• [Data for this exercise]
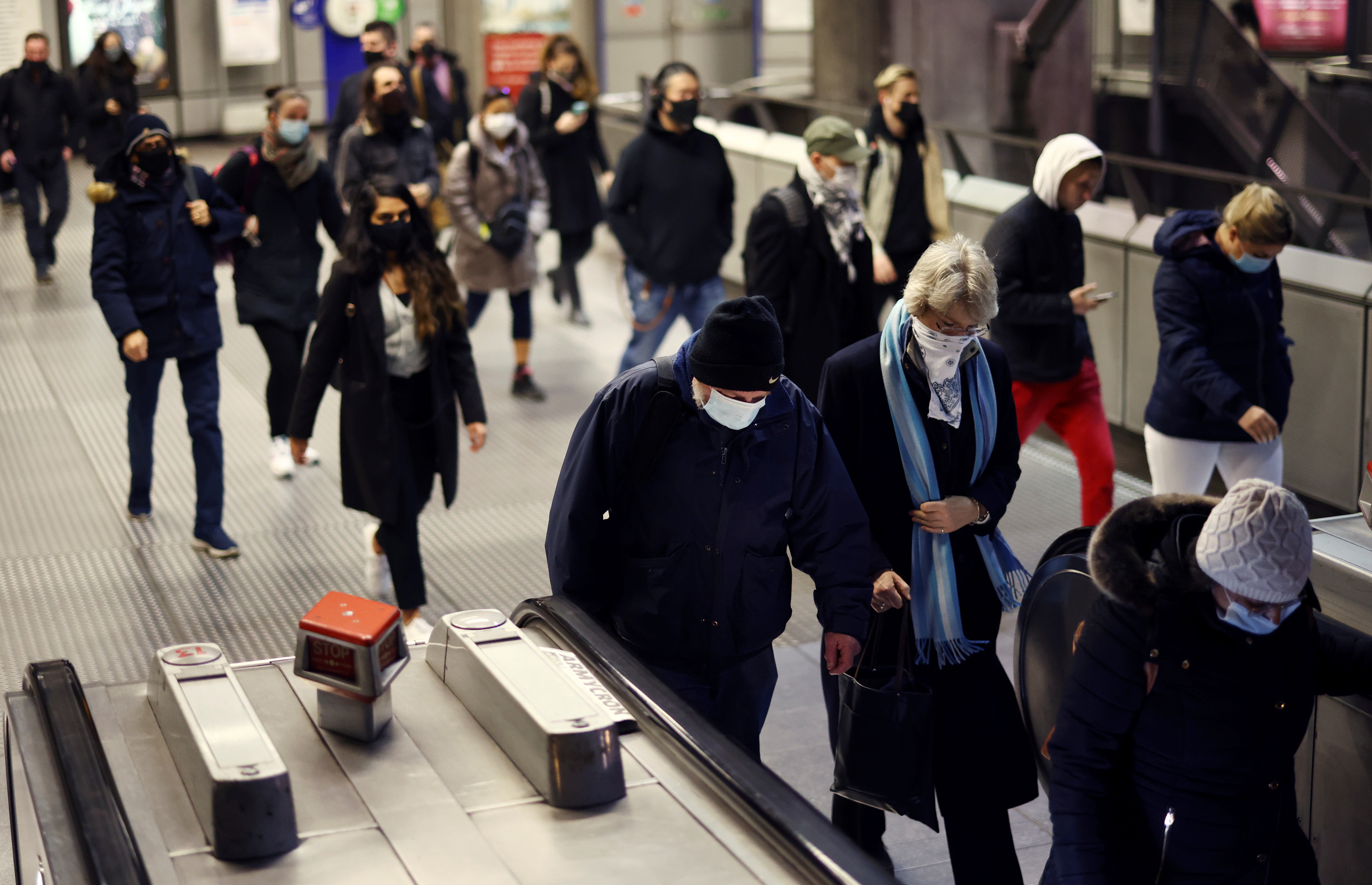 Njerëzit ecin nëpër stacionin e metrosë Westminster gjatë orës së pikut të mëngjesit, mes shpërthimit të sëmundjes së koronavirusit (COVID-19) në Londër, Britani, 1 dhjetor 2021. REUTERS/Henry Nicholls
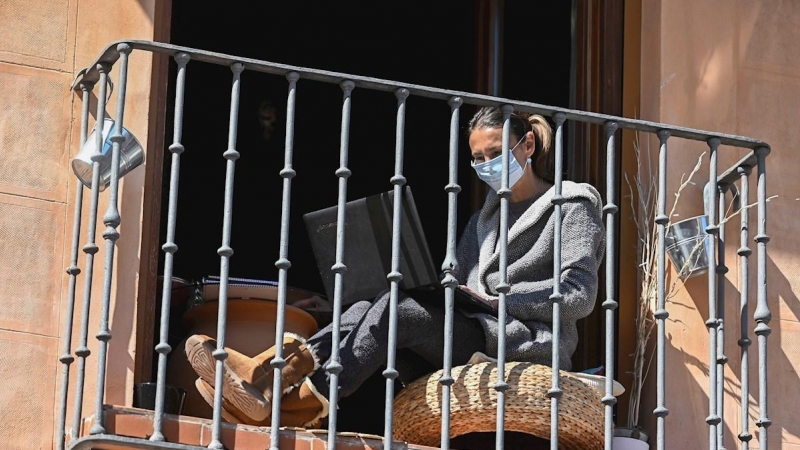 Una mujer en el balcón de su vivienda en Alcalá de Henares (Madrid) este jueves, jornada decimonovena desde que se decretase el estado de alarma por la epidemia del coronavirus. EFE/Fernando Villar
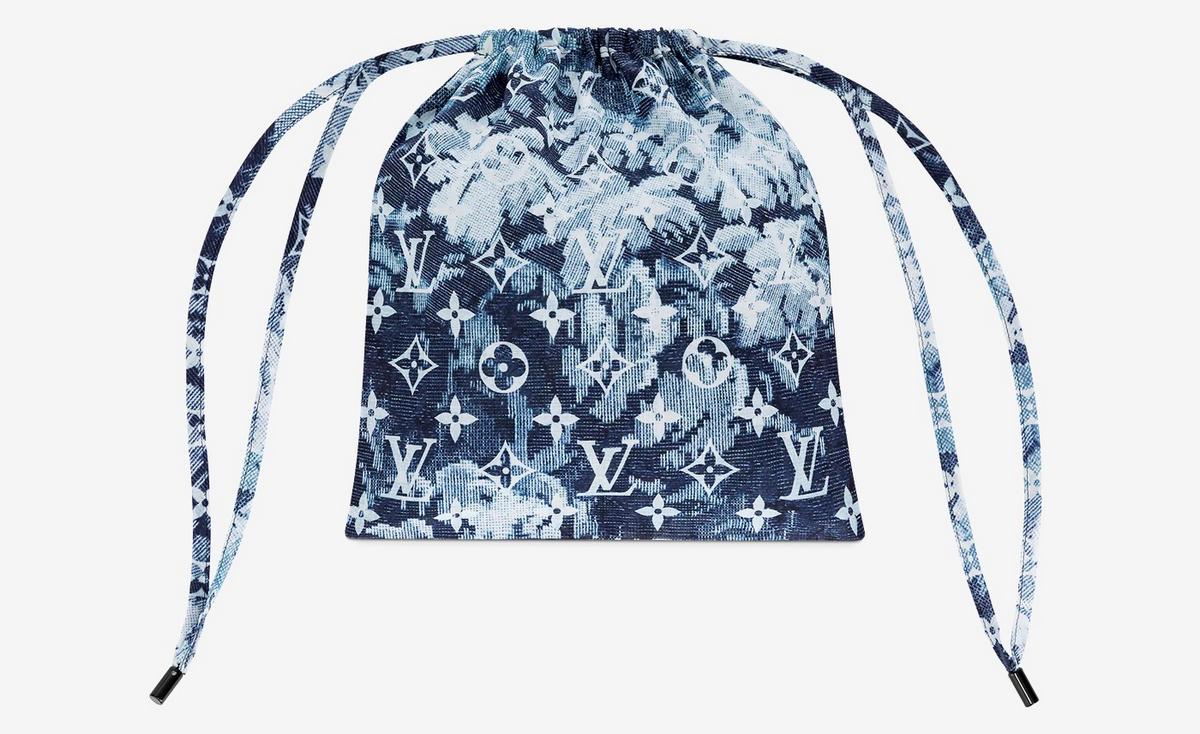 Louis Vuitton continues to cash in on Coronavirus accessories with a $500  bandana and mask set - Luxurylaunches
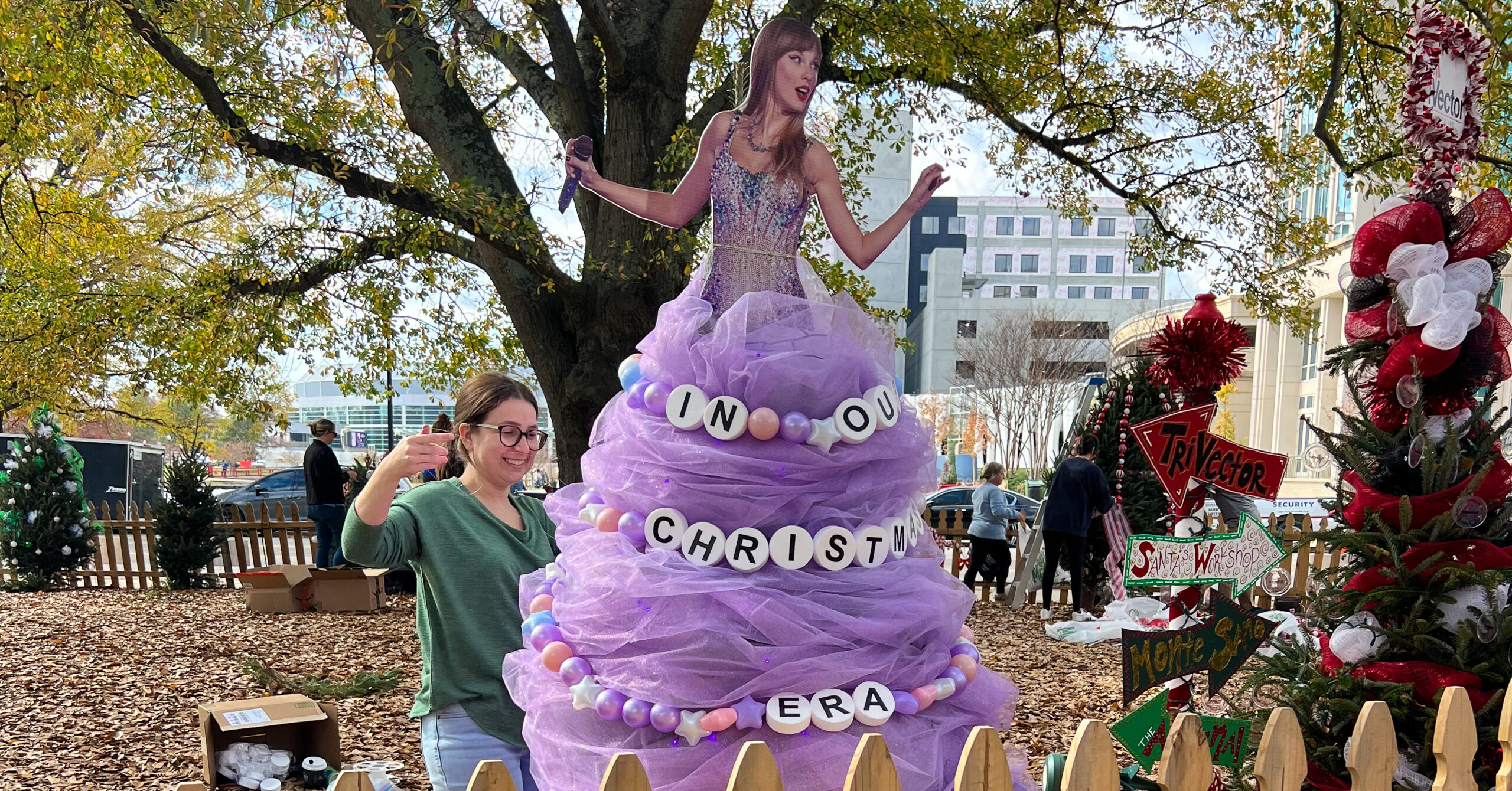 About the viral Taylor Swift Christmas tree in Huntsville… About the viral Taylor Swift Christmas tree in Huntsville…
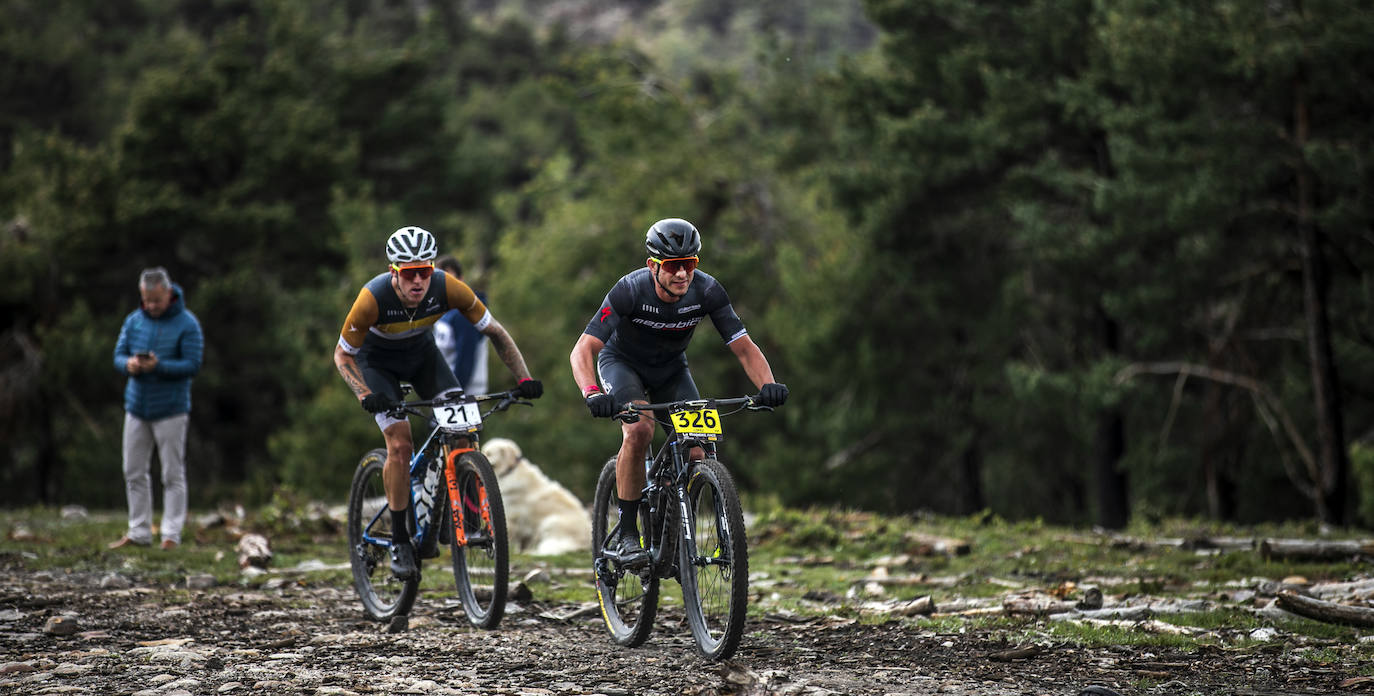 Las imágenes de la segunda etapa de La Rioja Bike Race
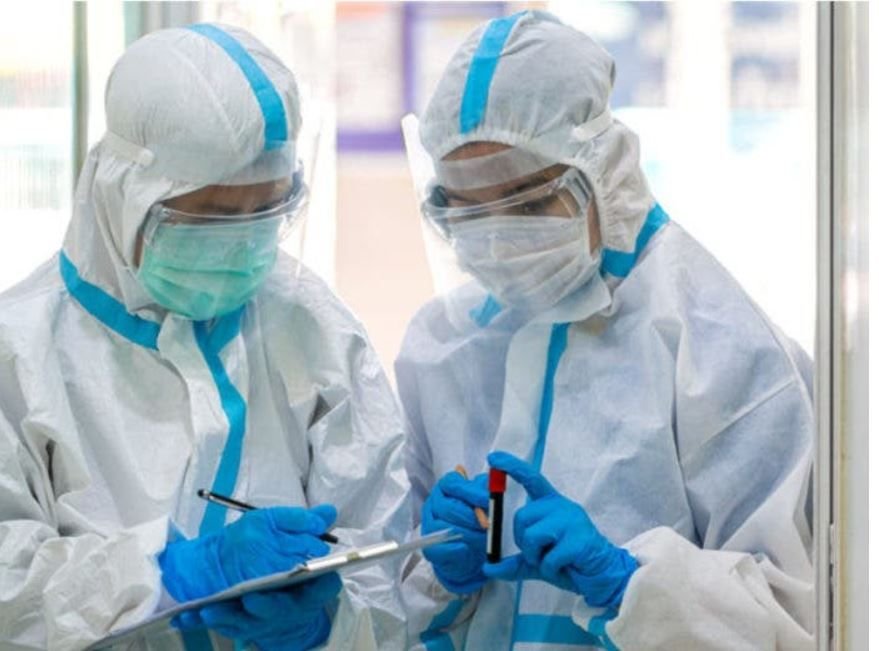 Variantes del coronavirus impulsan los contagios en Europa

• [Brief] Please output the entries above exactly, leaving out every picture.

• [Response area]
 Njerëzit ecin nëpër stacionin e metrosë Westminster gjatë orës së pikut të mëngjesit, mes shpërthimit të sëmundjes së koronavirusit (COVID-19) në Londër, Britani, 1 dhjetor 2021. REUTERS/Henry Nicholls
 Una mujer en el balcón de su vivienda en Alcalá de Henares (Madrid) este jueves, jornada decimonovena desde que se decretase el estado de alarma por la epidemia del coronavirus. EFE/Fernando Villar
 Louis Vuitton continues to cash in on Coronavirus accessories with a $500  bandana and mask set - Luxurylaunches
 About the viral Taylor Swift Christmas tree in Huntsville… About the viral Taylor Swift Christmas tree in Huntsville…
 Las imágenes de la segunda etapa de La Rioja Bike Race
 Variantes del coronavirus impulsan los contagios en Europa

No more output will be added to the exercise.